Shareholders also called for the board to conduct a third-party assessment of the Metaverse project with regard to "potential psychological and civil and human rights harms to users that may be caused by the use and abuse of the platform," and a subsequent vote with shareholders on how to proceed.

However, the board rejected this request - referring to existing research and cooperation projects with "numerous researchers, experts, and advocates around the globe." The board mentions a research fund for these issues established in the fall of 2021 - budget: $50 million - and therefore felt the shareholder proposal was unnecessary.


As long as Zuckerberg has plenty of allies on the board, like his mentor and major investor Marc Andreessen, and around 57 percent of the voting rights, Facebook's Metaverse makeover is probably largely safe.

Zuckerberg's risks: The Metaverse flops - or Apple rocks

Only a too-rapid financial collapse in its core online advertising business and the resulting loss of value on Wall Street could jeopardize Meta's biggest pivot in Silicon Valley history.
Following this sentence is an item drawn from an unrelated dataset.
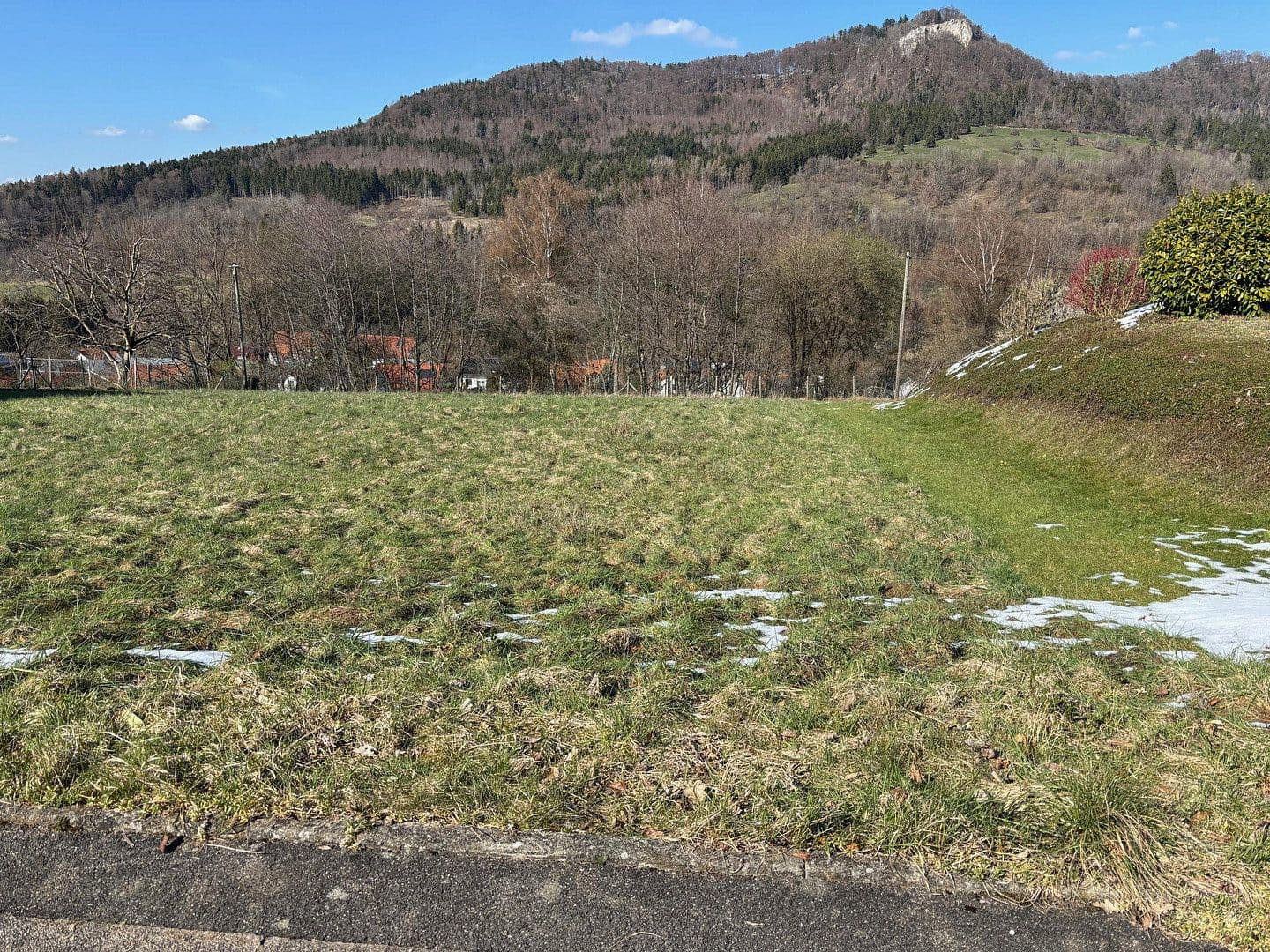 Predaj pozemku 1.156 m², Albstadt, Bádensko-Wurttembersko Predaj pozemku 1.156 m², Albstadt, Bádensko-Wurttembersko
The fact that Zuckerberg has to react to a falling share price, on which salaries depend, for example, is shown by the recently reduced investments in Reality Labs.

And then there's Apple: the tech giant reportedly plans to launch a first mixed reality headset in late 2022 or early 2023, which could compete directly with Meta's next XR headset, Cambria. This comparison and the market's reactions to the two devices could be trend-setting for the future.

The biggest risk of Meta is probably the metaverse bet itself: No one, not even Zuckerberg, knows exactly how the metaverse will develop and how it can be used to make money. Ideas and approaches abound, but only the future will show how valid they are and how media use will develop, especially among young people.